### Supplied data
# # #

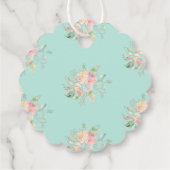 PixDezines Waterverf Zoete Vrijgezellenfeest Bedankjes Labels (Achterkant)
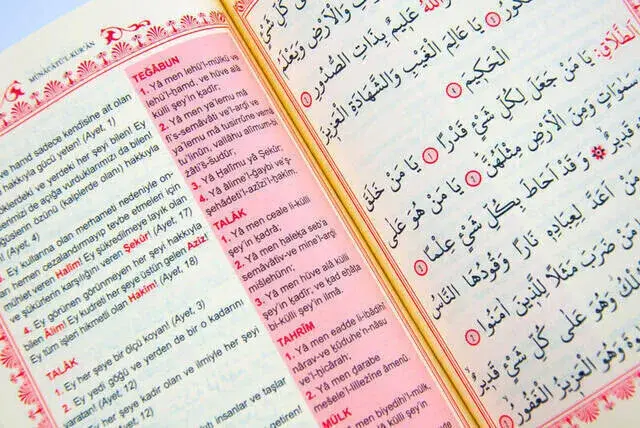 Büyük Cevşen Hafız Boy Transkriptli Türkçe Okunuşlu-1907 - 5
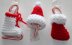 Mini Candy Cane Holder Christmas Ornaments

# # #

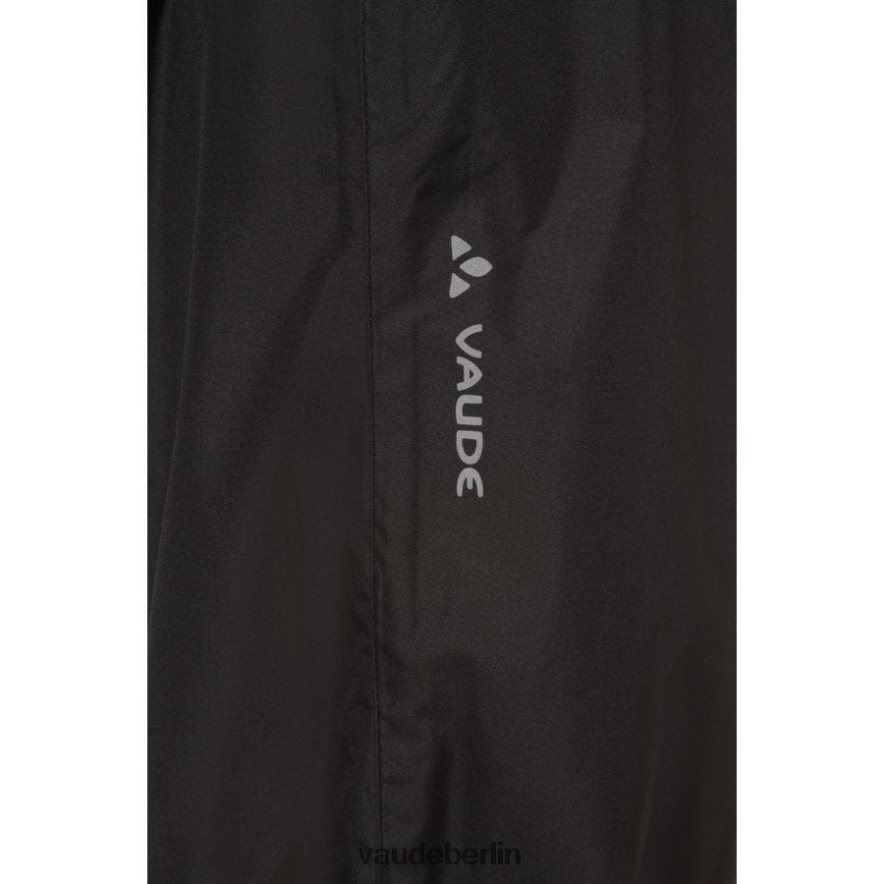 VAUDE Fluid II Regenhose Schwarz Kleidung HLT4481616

# # #

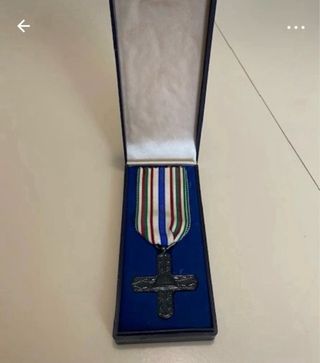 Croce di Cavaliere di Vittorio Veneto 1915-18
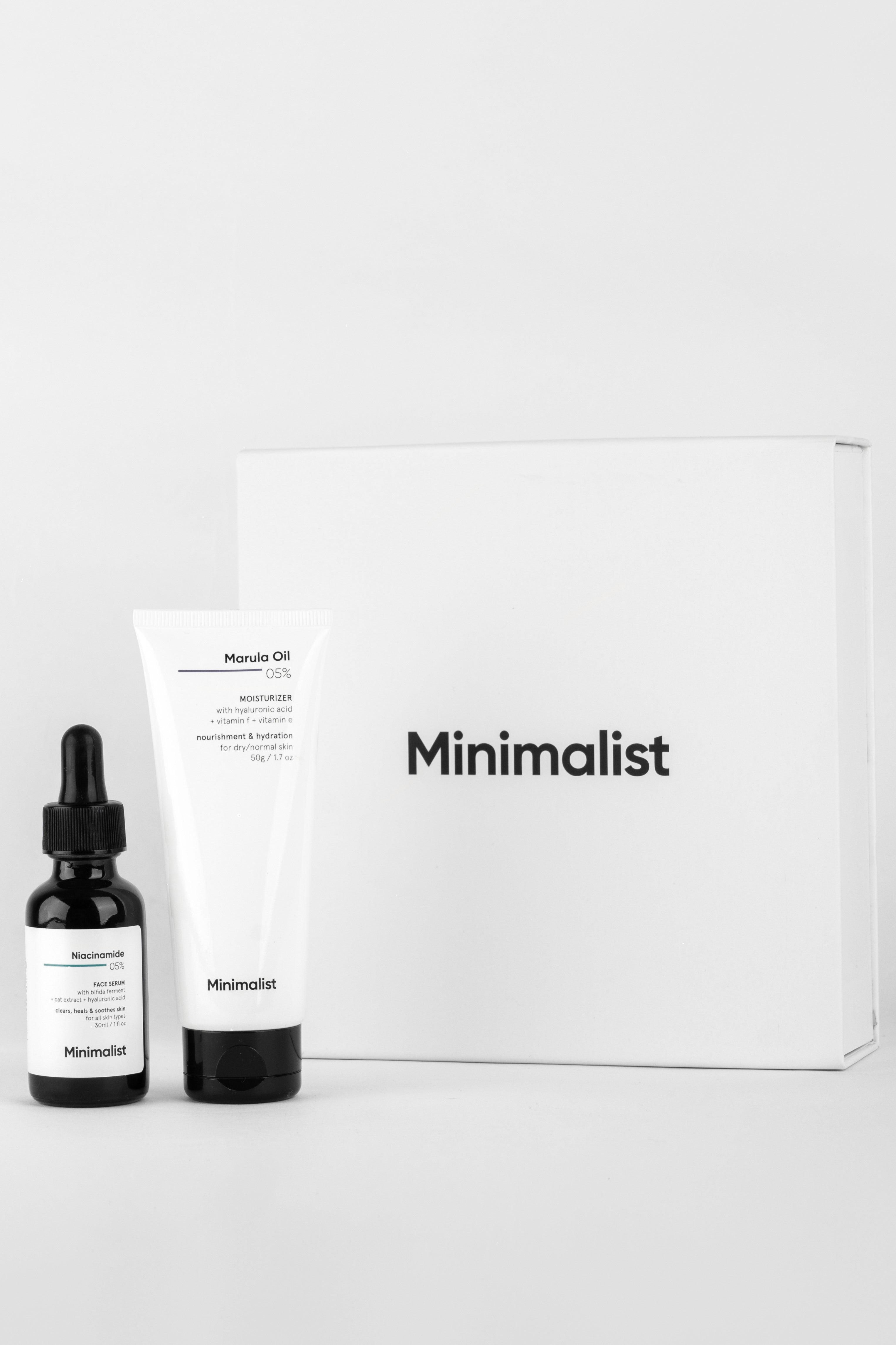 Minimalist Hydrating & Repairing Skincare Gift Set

# # #

### What you need to do
Copy out the lines above from the line containing "PixDezines Waterverf Zoete" through the line containing "Mini Candy Cane Holder Christmas Ornaments", exactly, and keep the pictures out.

### Result
 PixDezines Waterverf Zoete Vrijgezellenfeest Bedankjes Labels (Achterkant)
 Büyük Cevşen Hafız Boy Transkriptli Türkçe Okunuşlu-1907 - 5
 Mini Candy Cane Holder Christmas Ornaments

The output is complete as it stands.